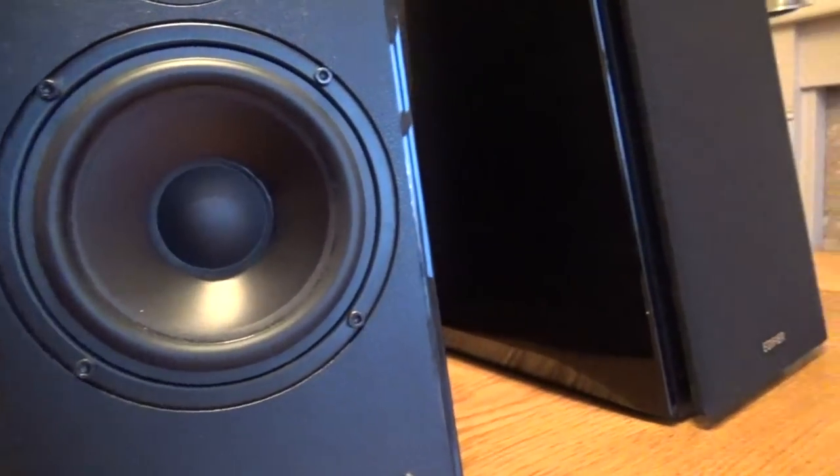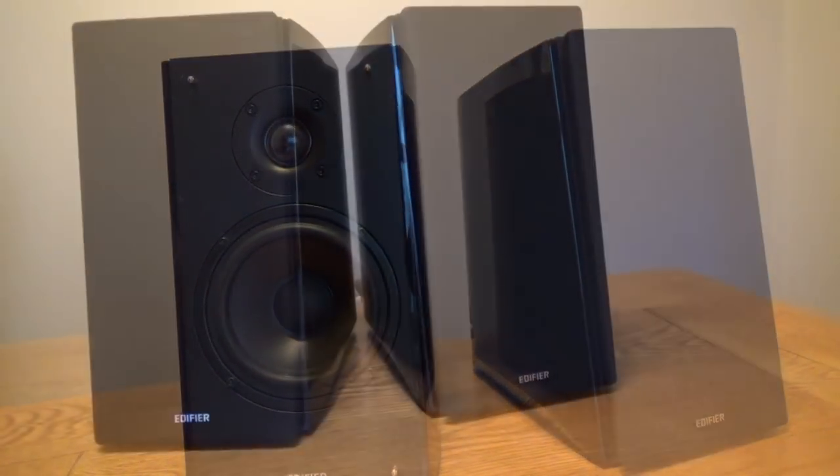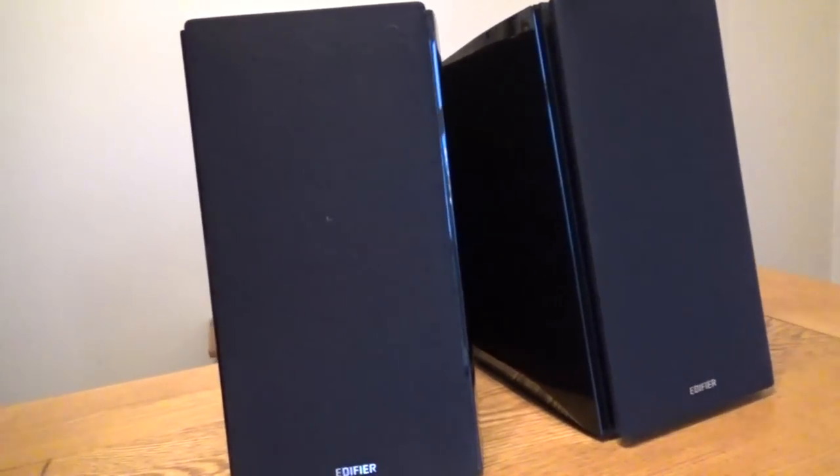Other than that though, these are a brilliant set of speakers for gaming, movie watching, whatever you want to do. The sound quality is great, bass and volume are great, and they easily fill a room without distorting. I hope you found this short review useful. Thanks for watching.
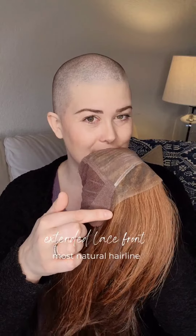It's got a full monofilament top, which means anywhere within that area it can be parted and it's going to look like your scalp. It has a lace front that goes ear tab to ear tab, and this one happens to be a hand-tied cap.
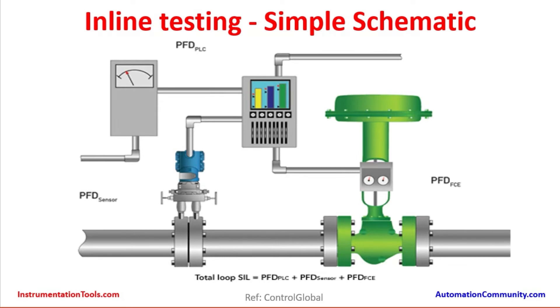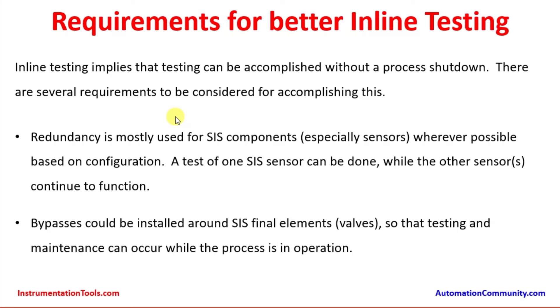In this case the instruments are being tested inline. Requirements for better inline testing: inline testing implies that testing can be accomplished without a process shutdown. Redundancy is mostly used for SIS components, especially sensors, wherever possible based on configuration. A test of one SIS sensor can be done while the other SIS sensor continues to function. Bypasses can be installed around SIS final element valves so that testing and maintenance can occur while the process is in operation — the bypass valve is opened and the emergency shutdown valve can be stroked and proof tested while the process keeps running.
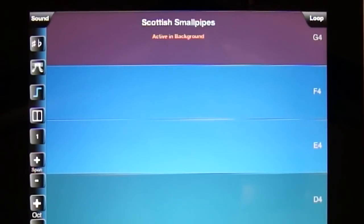For both Sample Tank and Thumb Jam, these are settings changes you should only have to make one time.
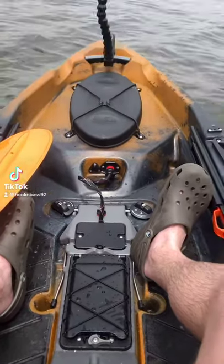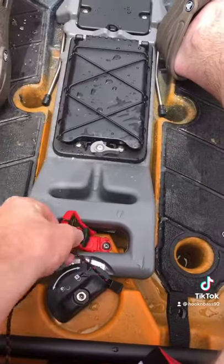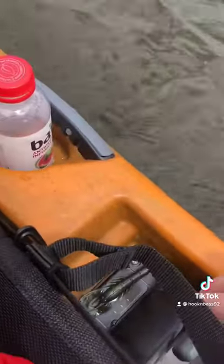Guys, look at this cool fishing kayak I got. All I have to do is take this key, put the key in the ignition, look right here, take the throttle, and boom.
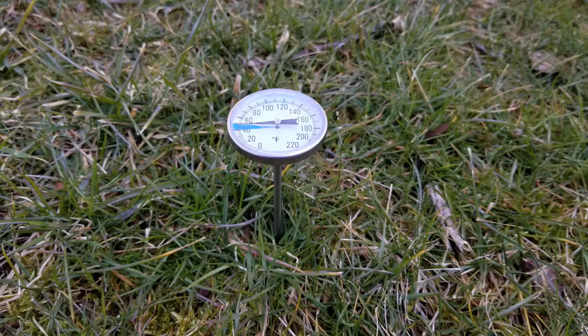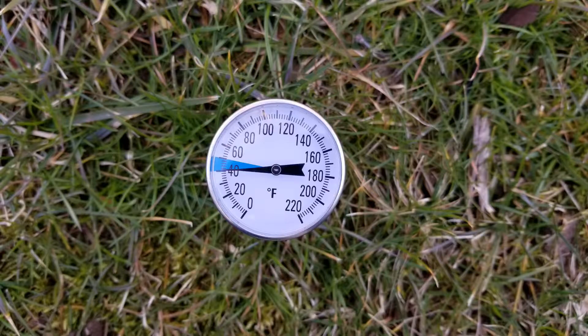My first use of this thermometer is to time the application of crabgrass preventer on my lawn. I wanted to apply it when the average soil temperature at one-inch depth is 55 degrees. It's important that this be timed accurately, because if you put it on too soon it will wear off before the crabgrass season is over, and you'll have to be fighting emerging crabgrass in August.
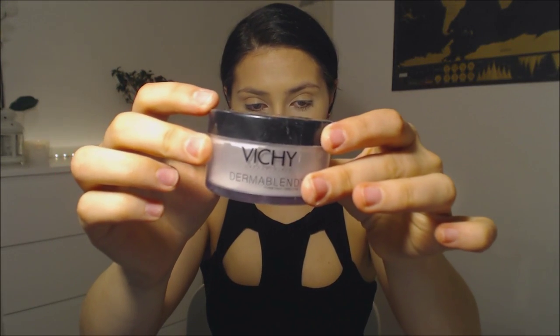I want to make sure that my concealer stays in place, so I'm going to take a little bit of the Vichy Dermablend translucent powder and apply this under my eyes quite heavily so that it sets all the concealer in place, and then I will sweep it away after I've finished. To apply this under my eyes I'm going to take a triangular sponge — you can find these at any drug store. Then I'm just going to take a little bit of this to neaten up my contour.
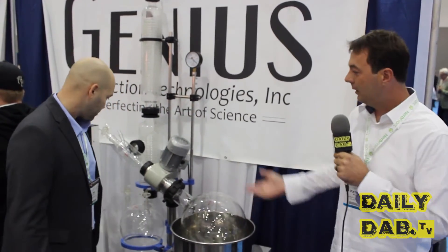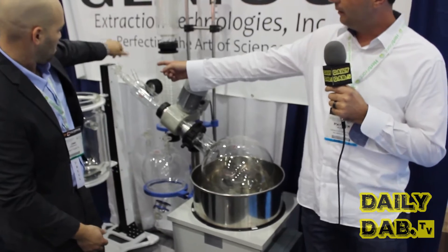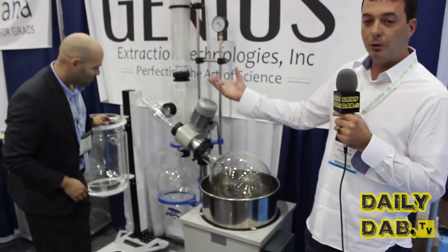Tell us a little bit about it, Patrick. This is an alcohol distillation plant right here. What we have here is a rotary evaporator. Raw plant material can be put in right to the end there, and from there you could take a raw plant material and dip it into an alcohol base.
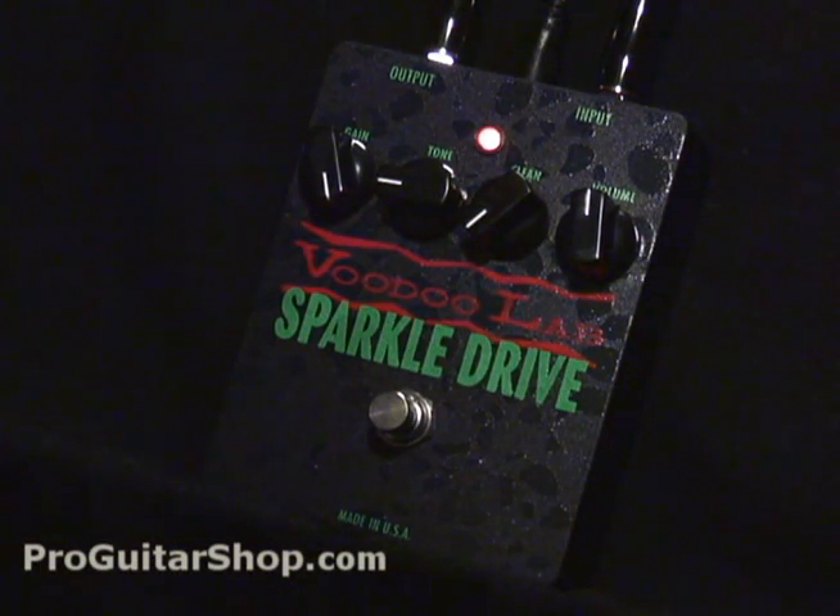So you could get some nice warm and singing overdrive. Now let's see what happens to the tone at this setting when we blend in some clean boosted signal.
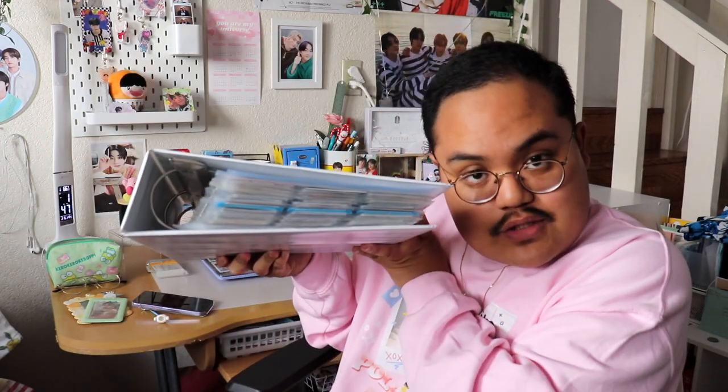Then lastly there's this big binder, which holds most of my photocards. The smaller binders have my main biases, and this one has all the other groups I stan. She's a little thick, as you can see. I got it from Target — it's really affordable and great if you want to hold a lot of photocards.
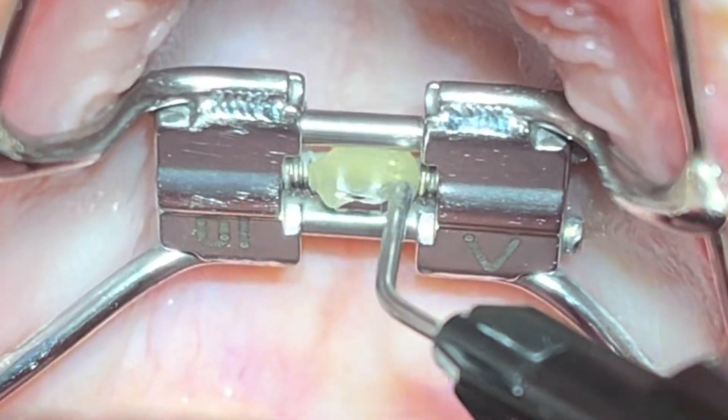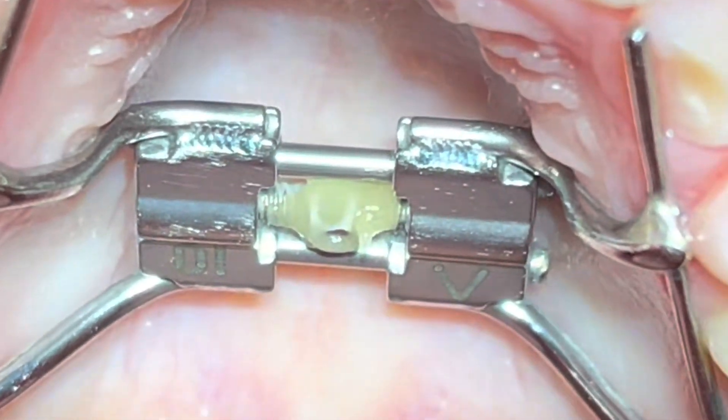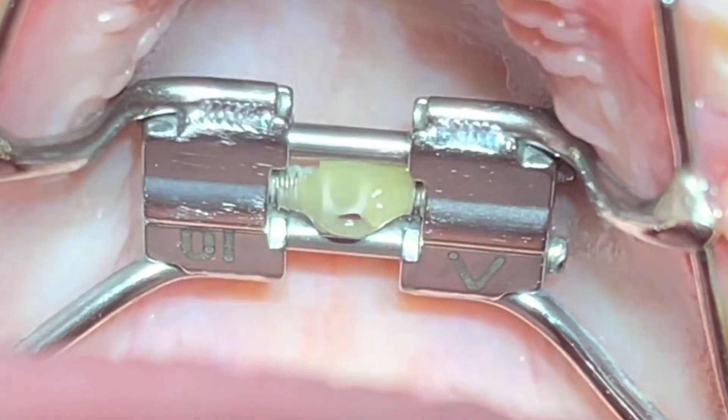For retention and to prevent the screw from turning back, we put flowable composite to secure the expansion. We should leave it for around four to five months for retention.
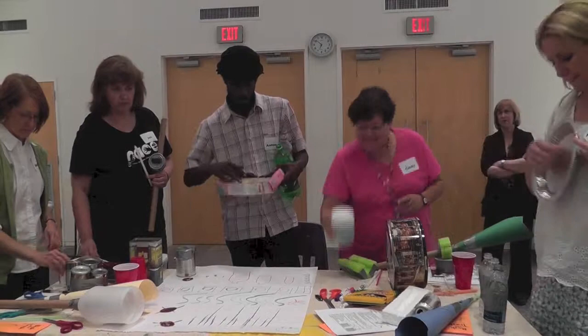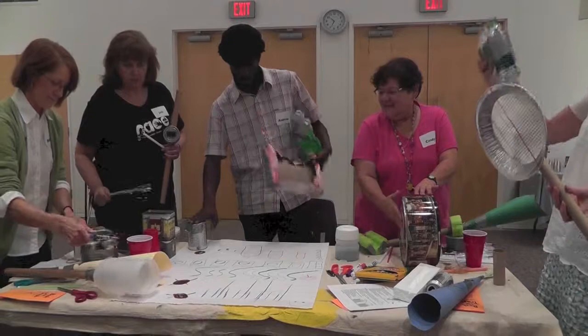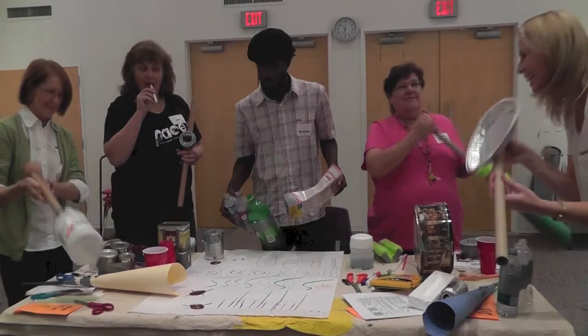Swoop is the fat thing — this is the purple. One, two, three. Swoop.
:::
Output exactly the lines from the first line of the records through the line containing "It's got a full". Leave out every picture.

Other than that though, these are a brilliant set of speakers for gaming, movie watching, whatever you want to do. The sound quality is great, bass and volume are great, and they easily fill a room without distorting. I hope you found this short review useful. Thanks for watching.
It's got a full monofilament top, which means anywhere within that area it can be parted and it's going to look like your scalp. It has a lace front that goes ear tab to ear tab, and this one happens to be a hand-tied cap.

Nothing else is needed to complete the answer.